Detroit Audubon Society Fights For Migratory Birds’ Safe Passage
CBS 62 Chief Meteorologist Jim Madaus talked to Rob Duchene of the Detroit Audubon Society about a problem facing migratory birds. The conversation is part of a story aired on First Forecast Mornings on CBS 62 and CW50 on Wednesday, June 27.
According to the Detroit Audubon Society, the problem involves birds colliding with buildings and other tall structures at night located on migration routes. Exterior building lighting and lights shining through windows make matters worse by disrupting the birds’ navigation systems. Like moths around a candle, disoriented birds will continuously circle a lighted building, especially in conditions of rain, fog or low cloud cover.
Research has shown that reducing the lighting of just one major building during peak migration times saved over 8,000 birds annually, decreasing the number of dead birds found around the building by 80 percent.

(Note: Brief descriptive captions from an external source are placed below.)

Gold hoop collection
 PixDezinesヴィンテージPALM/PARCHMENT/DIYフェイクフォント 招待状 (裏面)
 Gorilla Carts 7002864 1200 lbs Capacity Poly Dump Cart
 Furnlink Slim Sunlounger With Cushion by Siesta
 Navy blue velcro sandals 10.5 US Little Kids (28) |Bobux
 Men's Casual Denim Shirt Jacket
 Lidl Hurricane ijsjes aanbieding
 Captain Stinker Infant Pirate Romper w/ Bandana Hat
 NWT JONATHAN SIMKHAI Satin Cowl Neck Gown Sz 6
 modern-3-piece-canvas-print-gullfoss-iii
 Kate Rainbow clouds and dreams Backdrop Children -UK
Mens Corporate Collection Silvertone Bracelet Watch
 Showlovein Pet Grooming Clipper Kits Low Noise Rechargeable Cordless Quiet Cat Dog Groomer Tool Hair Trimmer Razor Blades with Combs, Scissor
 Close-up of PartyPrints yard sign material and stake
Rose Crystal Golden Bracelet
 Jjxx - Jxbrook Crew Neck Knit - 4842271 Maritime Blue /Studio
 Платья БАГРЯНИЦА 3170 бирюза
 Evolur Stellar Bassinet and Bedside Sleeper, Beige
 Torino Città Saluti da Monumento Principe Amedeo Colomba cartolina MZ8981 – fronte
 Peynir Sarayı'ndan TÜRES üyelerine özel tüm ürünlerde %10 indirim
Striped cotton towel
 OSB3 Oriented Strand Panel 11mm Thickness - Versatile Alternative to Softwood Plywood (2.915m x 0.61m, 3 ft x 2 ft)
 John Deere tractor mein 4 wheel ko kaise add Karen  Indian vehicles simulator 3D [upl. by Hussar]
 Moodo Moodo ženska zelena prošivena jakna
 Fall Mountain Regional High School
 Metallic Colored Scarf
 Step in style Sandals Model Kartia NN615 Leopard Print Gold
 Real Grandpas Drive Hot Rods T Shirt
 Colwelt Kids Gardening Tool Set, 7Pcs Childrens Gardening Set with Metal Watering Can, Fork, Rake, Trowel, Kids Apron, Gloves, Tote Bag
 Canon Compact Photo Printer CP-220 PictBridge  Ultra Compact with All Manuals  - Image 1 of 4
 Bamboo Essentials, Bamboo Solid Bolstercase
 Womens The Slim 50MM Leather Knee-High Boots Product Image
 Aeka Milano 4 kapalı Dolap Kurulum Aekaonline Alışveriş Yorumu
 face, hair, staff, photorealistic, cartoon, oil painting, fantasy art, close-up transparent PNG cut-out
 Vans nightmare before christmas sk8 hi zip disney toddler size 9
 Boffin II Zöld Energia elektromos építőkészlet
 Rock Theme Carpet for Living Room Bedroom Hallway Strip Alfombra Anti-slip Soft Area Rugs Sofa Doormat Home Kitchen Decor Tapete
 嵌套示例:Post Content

In 2006, the Detroit Audubon Society initiated Safe Passage Great Lakes. This program encourages building owners and occupants to follow some guidelines to minimize the number of birds attracted to tall structures.
Here’s how you can get involved.
Follow the recommendations of the Safe Passage Great Lakes Program from mid-March through May and mid-August through October:
- Turn off all lights at night on unoccupied floors and in unused spaces.
- Tenants can keep light “inside” by using task lights instead of ceiling lights and by closing window shades.
- Turn off all exterior illumination from midnight to dawn.